The following days we were hitchhiking from one Tibetan village to the next, embracing this special culture and the cordiality of the Tibetan people. We camped at the stunning Yilhun Latso lake, situated in a beautiful remote location at 4000 m above sea level, counting shooting stars on a cloudless sky. We were just enjoying every single day.
Tibetan culture and traditions hanging by a thread
Traveling through the old Tibetan region in China made us experience an entirely different taste of the country. It showed us the diversity that this huge country has to offer. However, having travelled through China for almost 3 months, having talked to many people, locals and foreigners alike, and having researched about the countries latest history, we noticed that China doesn´t seem to celebrate its cultural diversity at all. To the contrary. Over the past decades, China seemed to have done everything in their power to bring the so-called minorities in line, or assimilate them, and settle countless Han Chinese to the Tibetan regions in the mid-west and the Uyghur region of Xinjiang in the far west and by that transforming the local population to a minority. Model example is Inner Mongolia, a province in northern China, where the Mongol minority has been assimilated over the past decades and their culture and traditions have largely been absorbed by an oppressive Chinese culture. Understandably, Tibetans and Uighurs fear the same will happen to them. (There´s more examples of other minorities in China, which we left out as we did not travel through those regions and therefore do not have first-hand experiences.)

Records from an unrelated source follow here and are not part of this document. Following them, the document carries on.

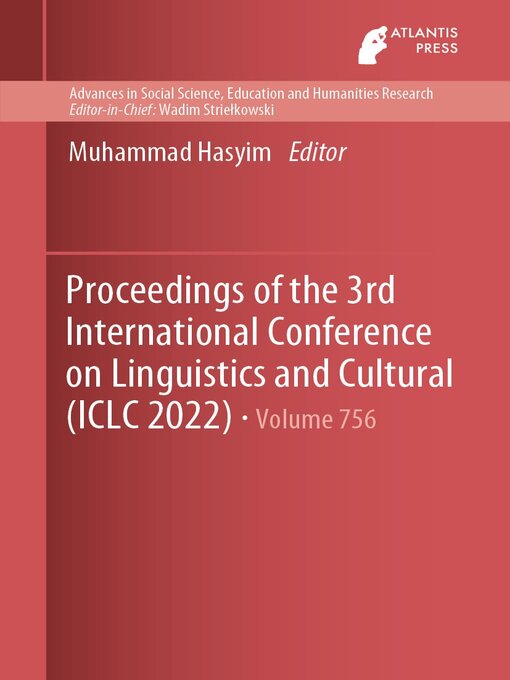 Title details for Proceedings of the 3rd International Conference on Linguistics and Cultural (ICLC 2022) by Muhammad Hasyim - Available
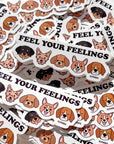 Feel Your Feelings Sticker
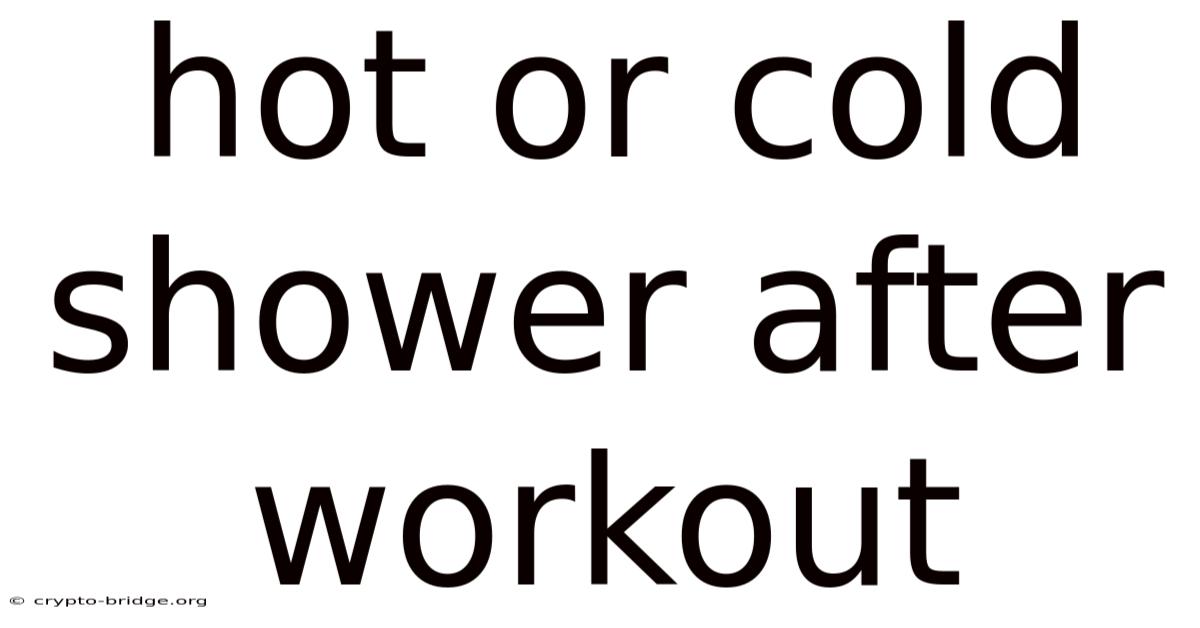 Hot Or Cold Shower After Workout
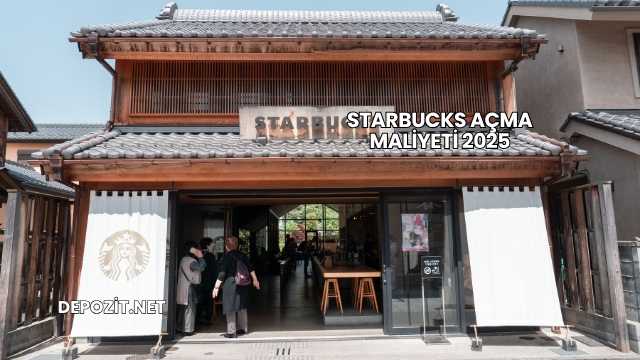 Starbucks Açma Maliyeti 2025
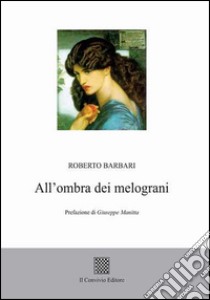 All'ombra dei melograni libro di Barbari Roberto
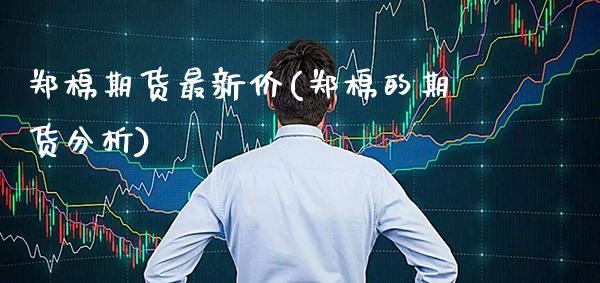 郑棉期货最新价(郑棉的期货分析) (https://www.njaxzs.com/) 期货直播间 第1张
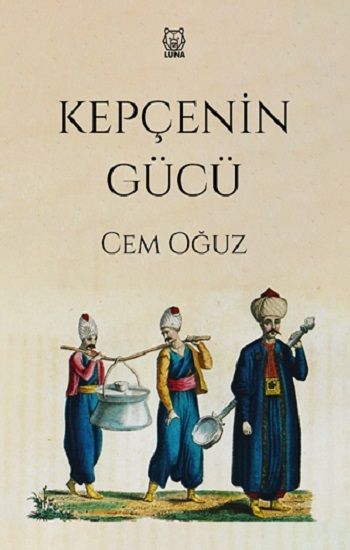 Kepçenin Gücü - Luna Yayınları Kitap
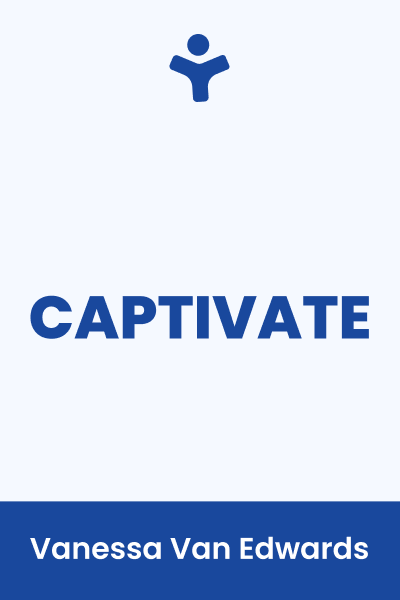 Captivate: The Science of Succeeding with People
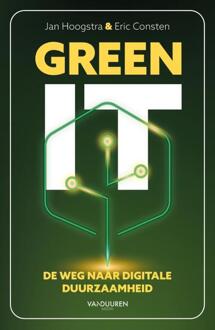 Green IT -  Eric Consten, Jan Hoogstra (ISBN: 9789463563529)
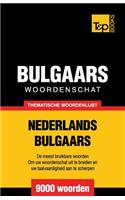 Thematische woordenschat Nederlands-Bulgaars - 9000 woorden: (15 Dutch Collection)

The implications of Chinese politics will be subject of a different article. Only this much needs to be said. In China´s effort to diminish the significance of local cultures and traditions and therefore the country´s diversity, many people have lost their lives; many religious and cultural symbols have been destroyed and ethnic minorities experience governmental repression as well as a considerable disadvantage in the participation of everyday life.
We heard that travel restrictions in the old-Tibetan regions might soon be raised. And there´s a realistic chance that free individual travel will not be possible anymore in the near future. Why? Well, China doesn´t seem to be a fan of cultural diversity, and seems to tolerate it only to the extend to which absolute control is given and where just enough cultural diversity is left to exploit it for tourism. This might come across rough or even cynical, but we are talking about an authoritarian regime, which has learnt from its long history that in order to uphold power in such a big and diverse country, you need to be in control of the minority regions to prevent a possible rebellion that might endanger the ruling regime. This doesn´t justify the lines of action of the Chinese government towards the country´s minorities, but it might make it a little bit more comprehensible. That being said, we can only hope and wish for the Tibetan people that they have a chance to preserve and cultivate their traditions, rituals and not at least their values, despite China´s effort to wipe out just those.
For us, our trip through the old-Tibetan villages left a lasting impression and should we ever decide to visit China again, Old-Tibet would most certainly be the prime reason for our return. Hopefully we will be able to travel as freely then, as we were now – not for our sake but for the sake of the Tibetan people and the preservation of their rich culture and traditions.